Stored records:
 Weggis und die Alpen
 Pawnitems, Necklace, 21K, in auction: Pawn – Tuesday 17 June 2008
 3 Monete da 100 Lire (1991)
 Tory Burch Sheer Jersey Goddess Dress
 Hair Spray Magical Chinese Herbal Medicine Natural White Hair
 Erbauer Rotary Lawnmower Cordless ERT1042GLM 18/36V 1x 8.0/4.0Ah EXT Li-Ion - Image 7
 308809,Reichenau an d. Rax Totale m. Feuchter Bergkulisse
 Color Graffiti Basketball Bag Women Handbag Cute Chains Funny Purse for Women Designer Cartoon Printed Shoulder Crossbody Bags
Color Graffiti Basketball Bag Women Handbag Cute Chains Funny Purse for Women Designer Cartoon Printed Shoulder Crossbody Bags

---

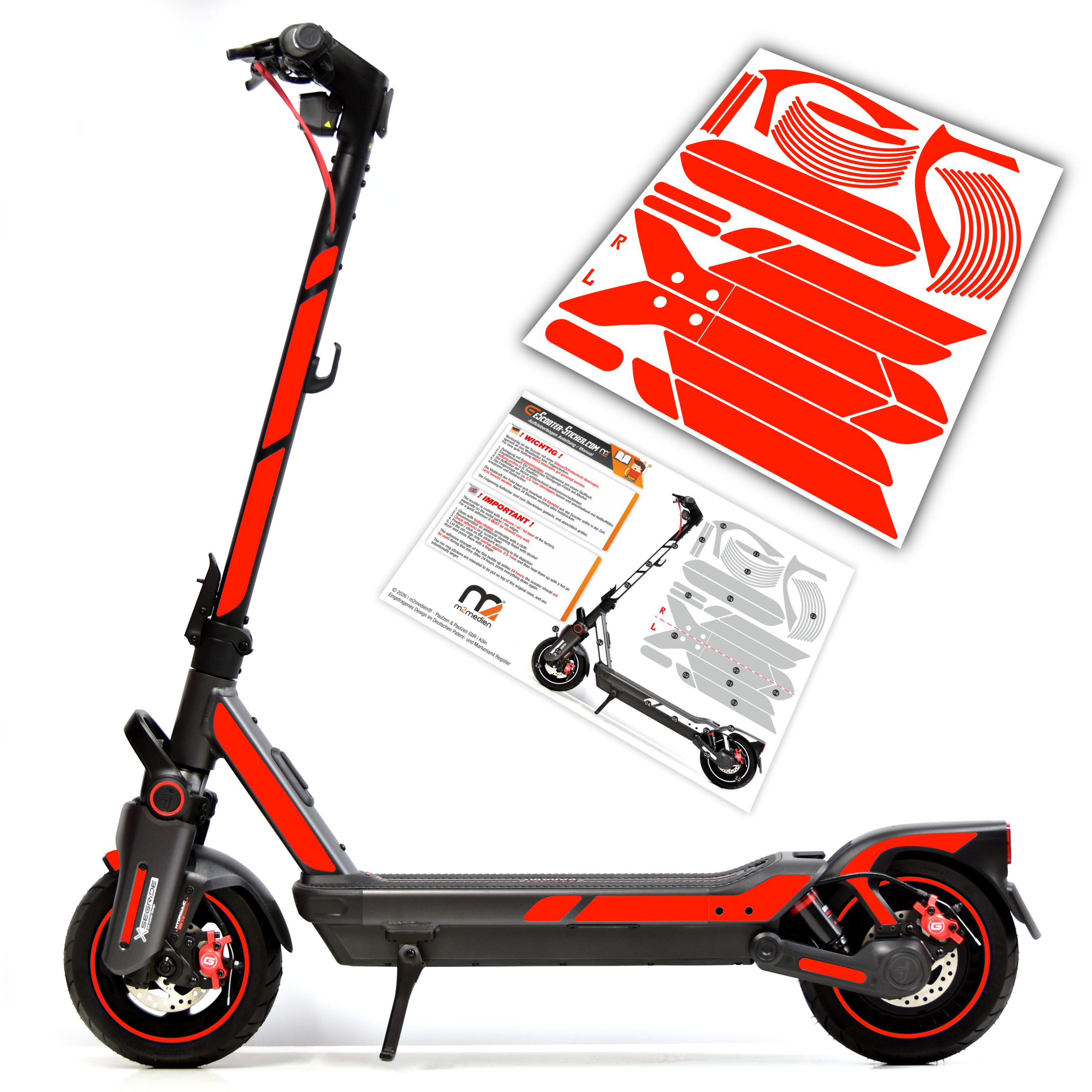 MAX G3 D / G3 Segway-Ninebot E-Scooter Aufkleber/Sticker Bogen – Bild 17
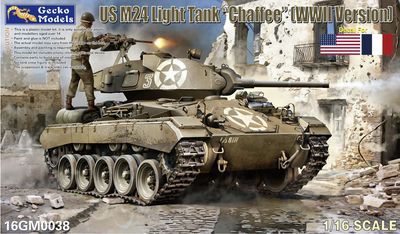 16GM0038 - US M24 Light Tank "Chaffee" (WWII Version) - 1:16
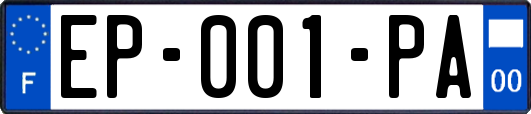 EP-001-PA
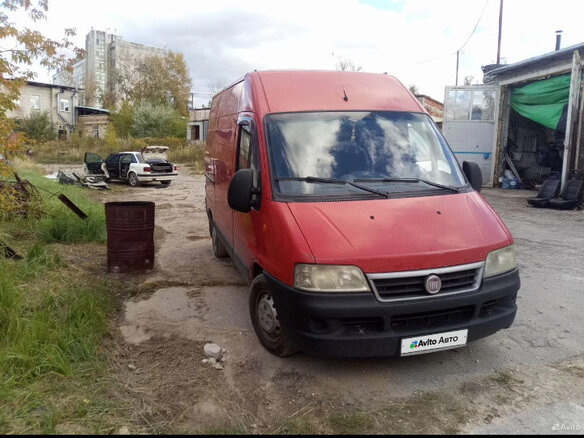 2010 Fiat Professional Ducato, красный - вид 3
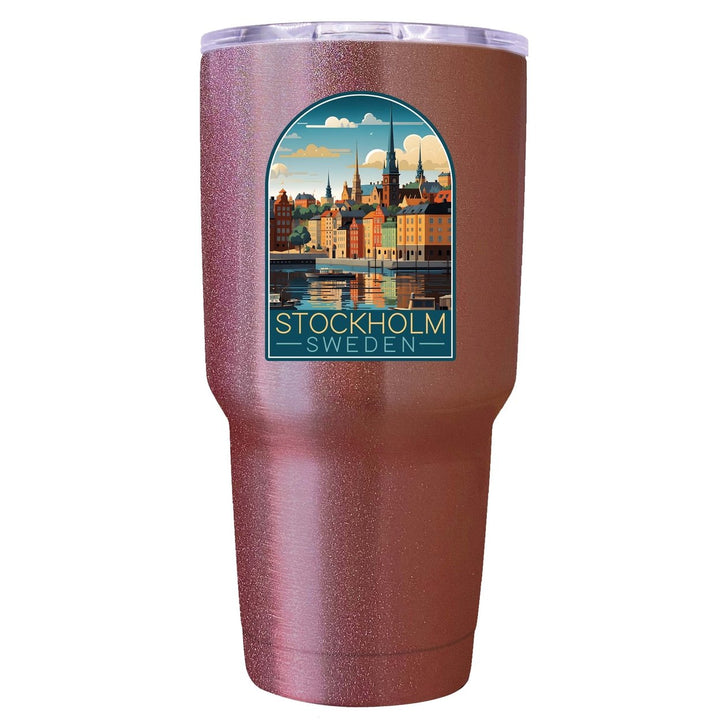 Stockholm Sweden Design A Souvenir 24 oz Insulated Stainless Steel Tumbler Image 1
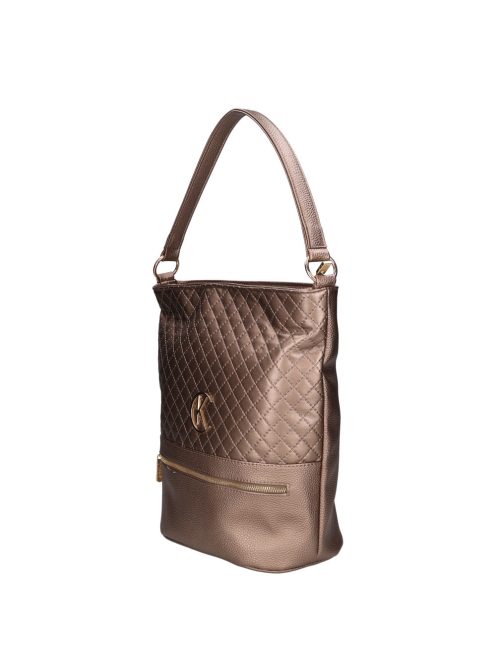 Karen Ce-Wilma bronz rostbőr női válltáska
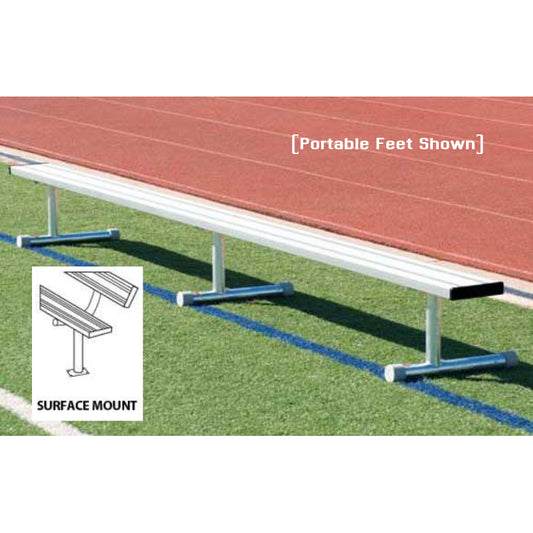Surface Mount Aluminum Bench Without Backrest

Instructions to follow:
Set down, exactly as written above, each line from the one with "16GM0038 - US" through the one with "Surface Mount Aluminum Bench Without Backrest", and skip the pictures.

Result of this exercise:
 16GM0038 - US M24 Light Tank "Chaffee" (WWII Version) - 1:16
 EP-001-PA
 2010 Fiat Professional Ducato, красный - вид 3
 Stockholm Sweden Design A Souvenir 24 oz Insulated Stainless Steel Tumbler Image 1
 Karen Ce-Wilma bronz rostbőr női válltáska
Surface Mount Aluminum Bench Without Backrest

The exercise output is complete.